Dataset content:

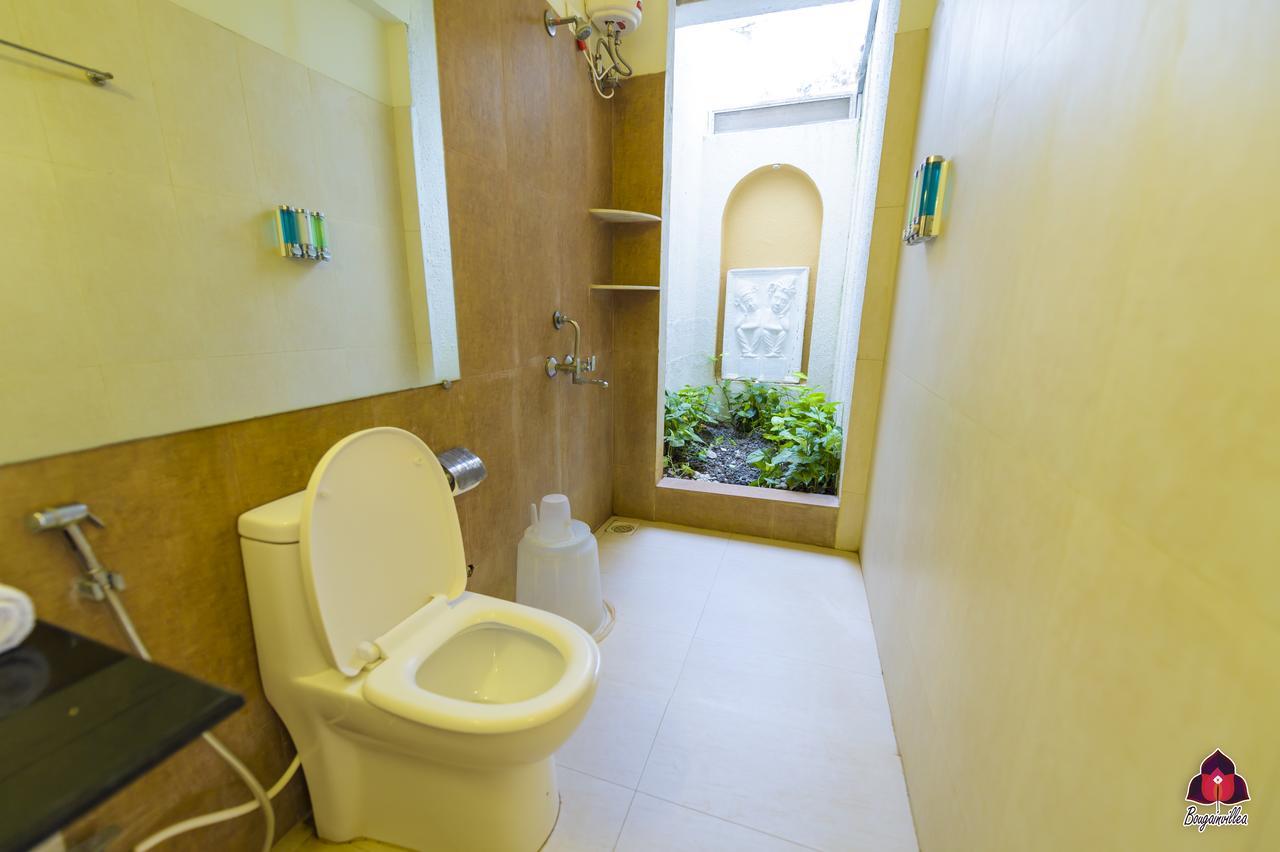 Hôtel Bougainvillea à Alībāg Extérieur photo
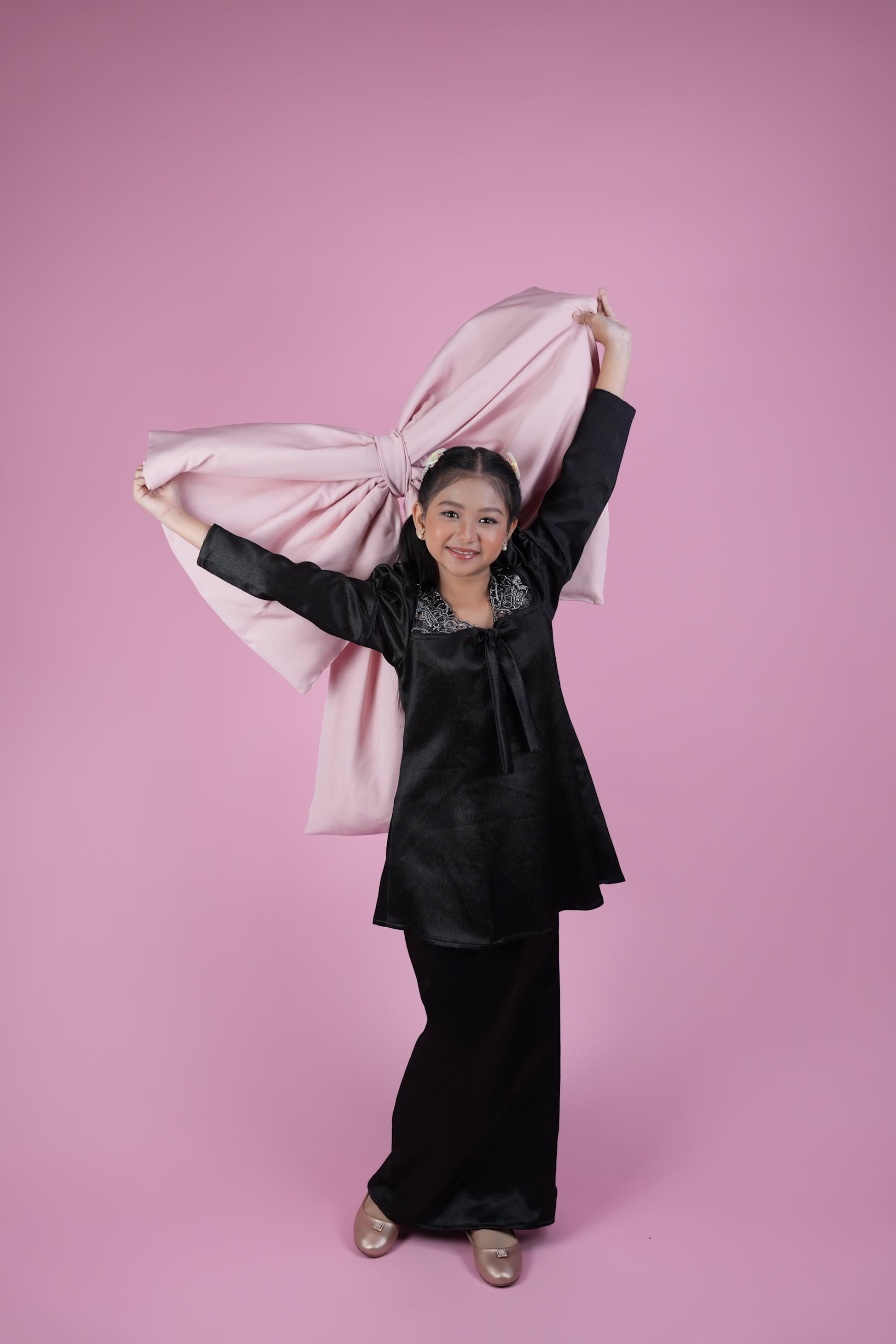 MEKAR MEWANGI KIDS - BLACK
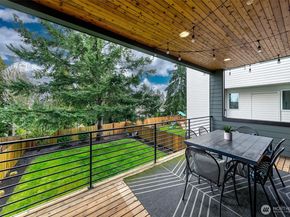 9212 11th Avenue NW, Seattle WA 98117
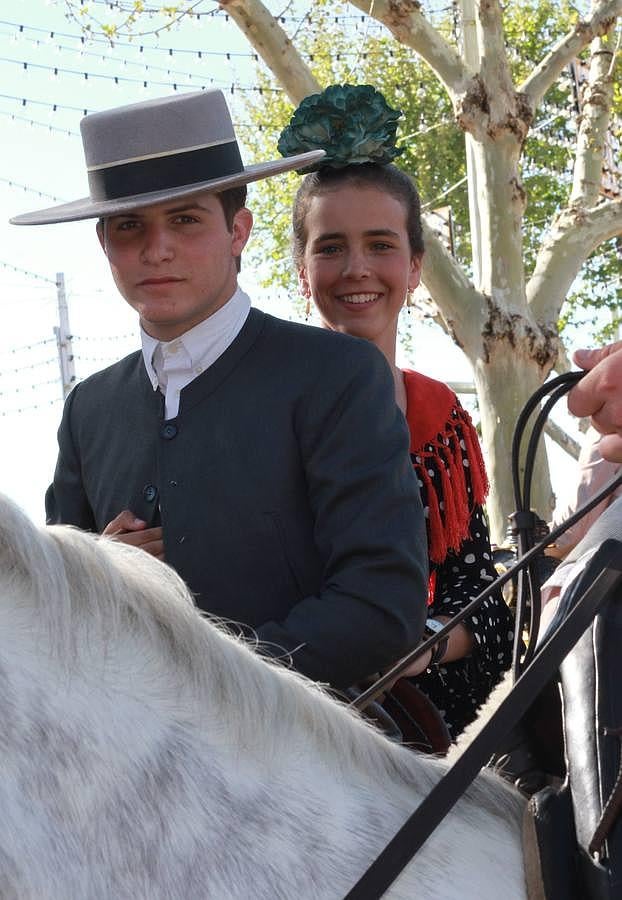 De paseo por el real: jueves de Feria con las ganas del primer día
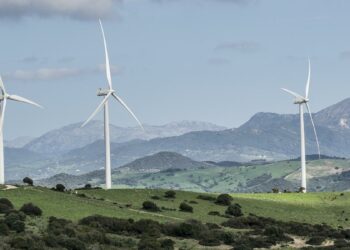 Casares se planta contra la instalación masiva y sin planificación de proyectos renovables
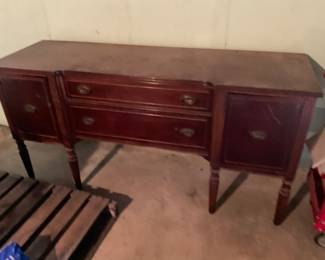 NICE SIZE SERVER. , READY TO PAINT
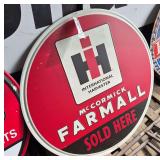 Farmall sign, bldg: green
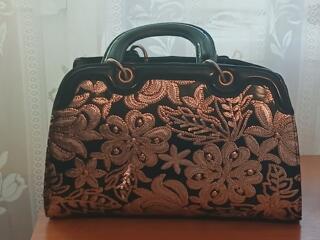 Лакированная сумка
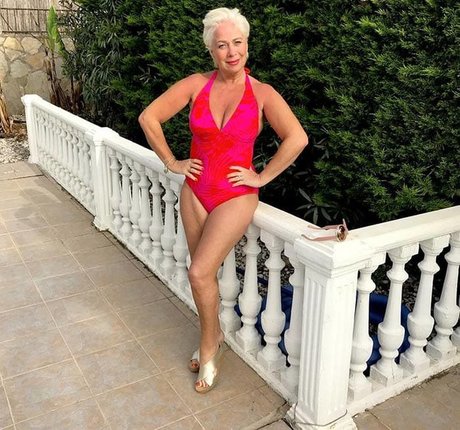 Denise Welch photo 13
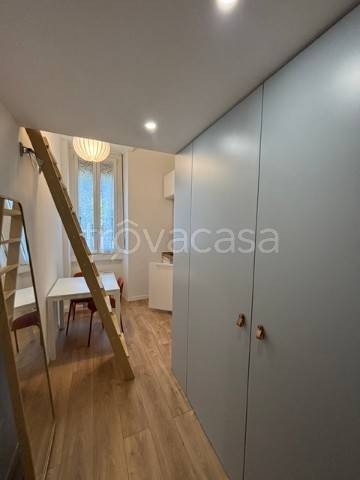 appartamento in affitto a Milano in zona Famagosta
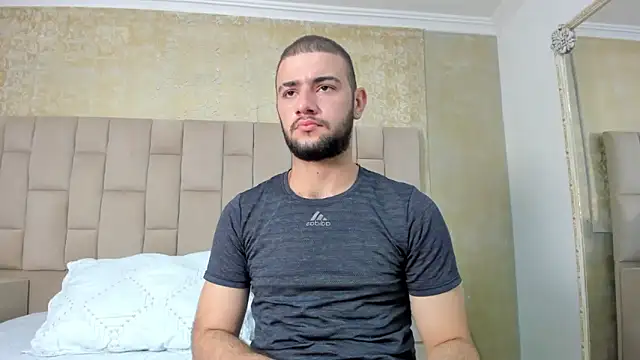 Snapshot of MaximusDick1_ chatting on October 22, 2025, 2:55 am MaximusDick1 online show from October 22, 2025, 2:55 am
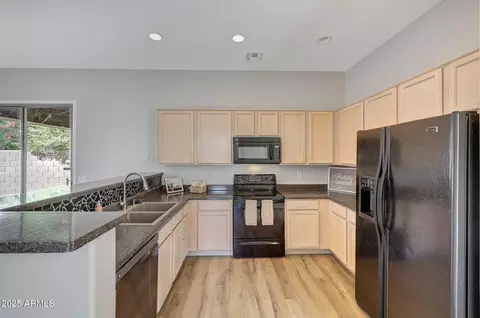 2023 E Beautiful Ln, Phoenix, AZ 85042 photo 9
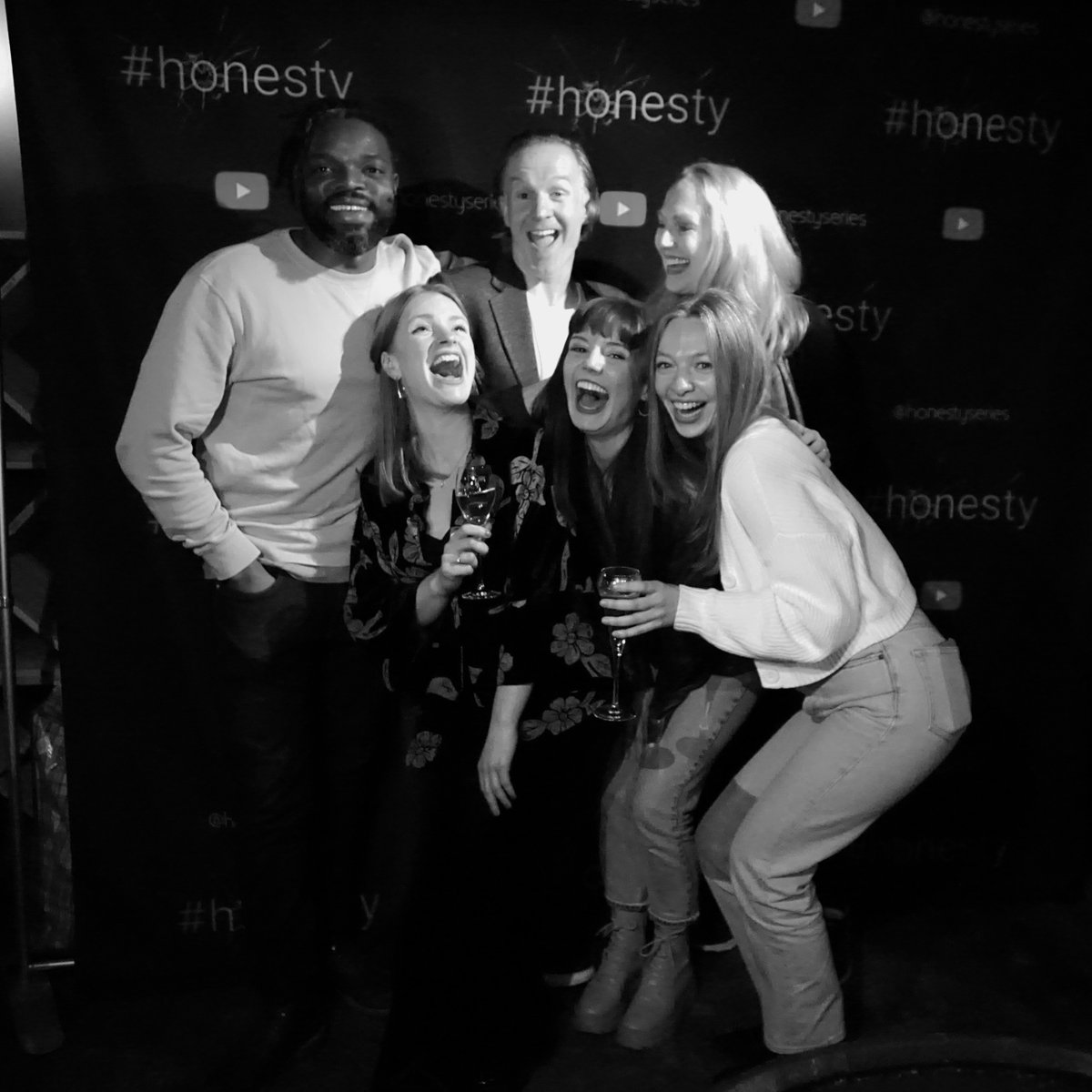 HonestySeries's tweet photo. #honesty craic @ #Gibneys London 🥳

 @Niall_Bishop   @sarahjhosford   @AlexAkindeji  @pippawr  @DaffyMulligans  @rosiesteel   @amyellis_ https://t.co/6obgarhTlz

Activity:
Transcribe the entries above verbatim, omitting their pictures.

Result for this exercise:
 Hôtel Bougainvillea à Alībāg Extérieur photo
 MEKAR MEWANGI KIDS - BLACK
 9212 11th Avenue NW, Seattle WA 98117
 De paseo por el real: jueves de Feria con las ganas del primer día
 Casares se planta contra la instalación masiva y sin planificación de proyectos renovables
 NICE SIZE SERVER. , READY TO PAINT
 Farmall sign, bldg: green
 Лакированная сумка
 Denise Welch photo 13
 appartamento in affitto a Milano in zona Famagosta
 Snapshot of MaximusDick1_ chatting on October 22, 2025, 2:55 am MaximusDick1 online show from October 22, 2025, 2:55 am
 2023 E Beautiful Ln, Phoenix, AZ 85042 photo 9
 HonestySeries's tweet photo. #honesty craic @ #Gibneys London 🥳

 @Niall_Bishop   @sarahjhosford   @AlexAkindeji  @pippawr  @DaffyMulligans  @rosiesteel   @amyellis_ https://t.co/6obgarhTlz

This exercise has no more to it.